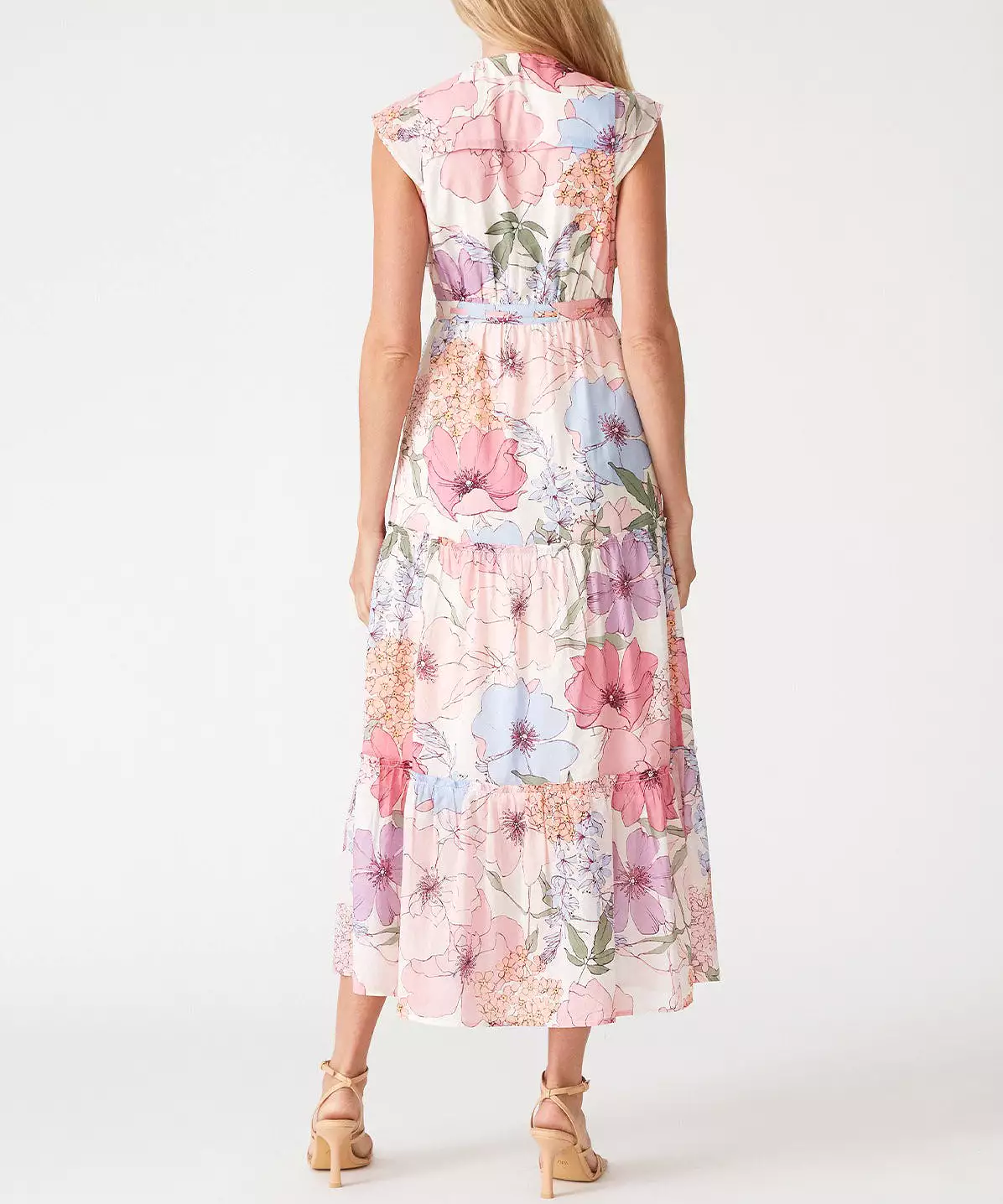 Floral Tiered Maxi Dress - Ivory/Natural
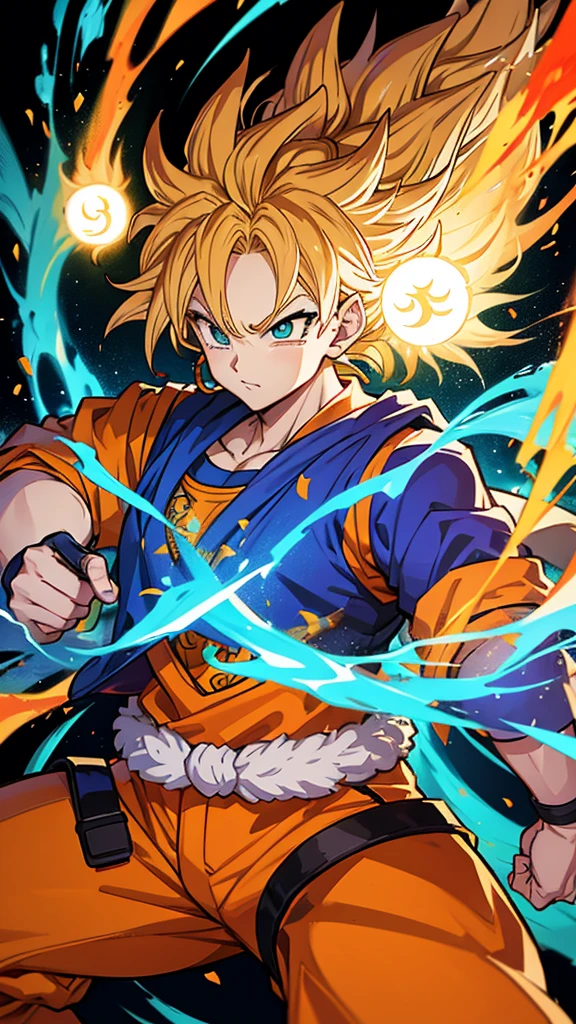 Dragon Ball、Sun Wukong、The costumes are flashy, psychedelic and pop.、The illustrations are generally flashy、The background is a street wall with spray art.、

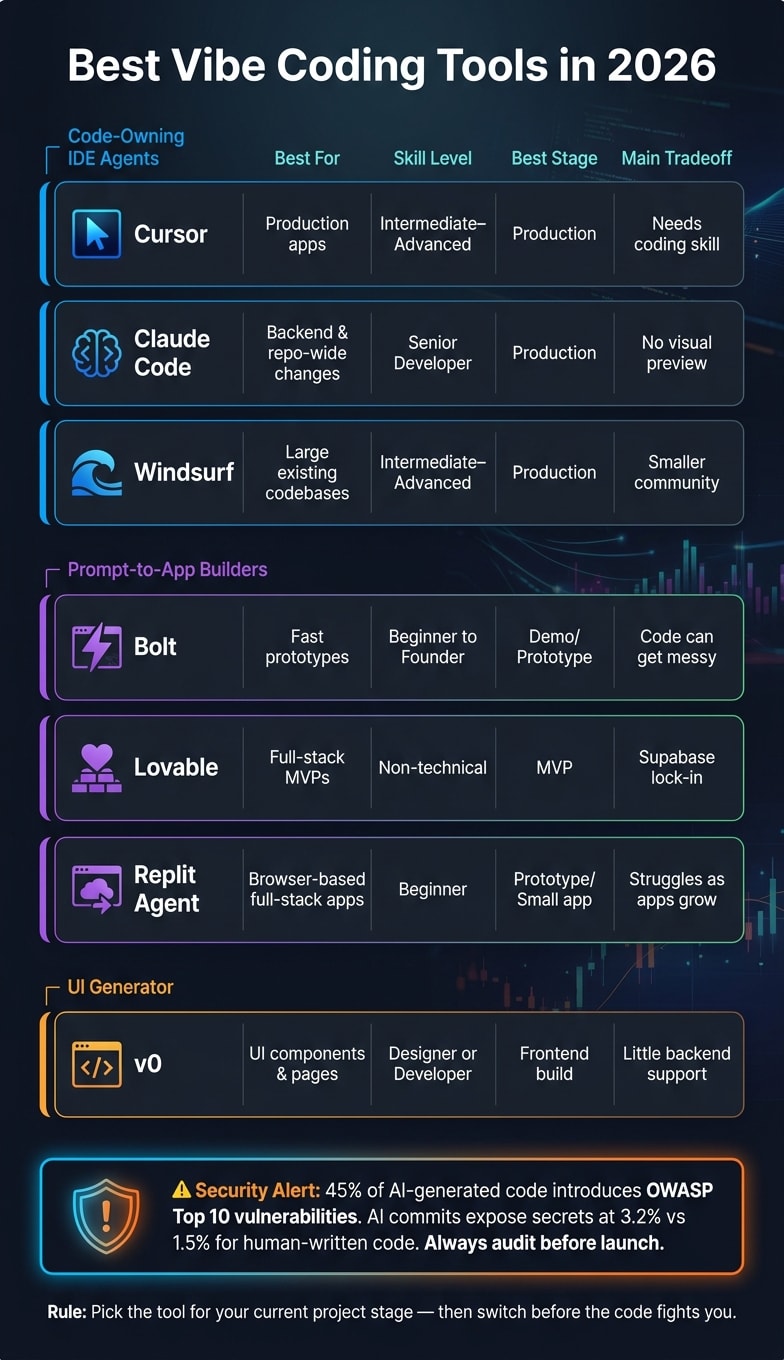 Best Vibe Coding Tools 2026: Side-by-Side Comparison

- [EXERCISE DESCRIPTION]:
Reprint the data verbatim, pictures excluded.

- [EXERCISE RESPONSE]:
 Floral Tiered Maxi Dress - Ivory/Natural
 Dragon Ball、Sun Wukong、The costumes are flashy, psychedelic and pop.、The illustrations are generally flashy、The background is a street wall with spray art.、

 Best Vibe Coding Tools 2026: Side-by-Side Comparison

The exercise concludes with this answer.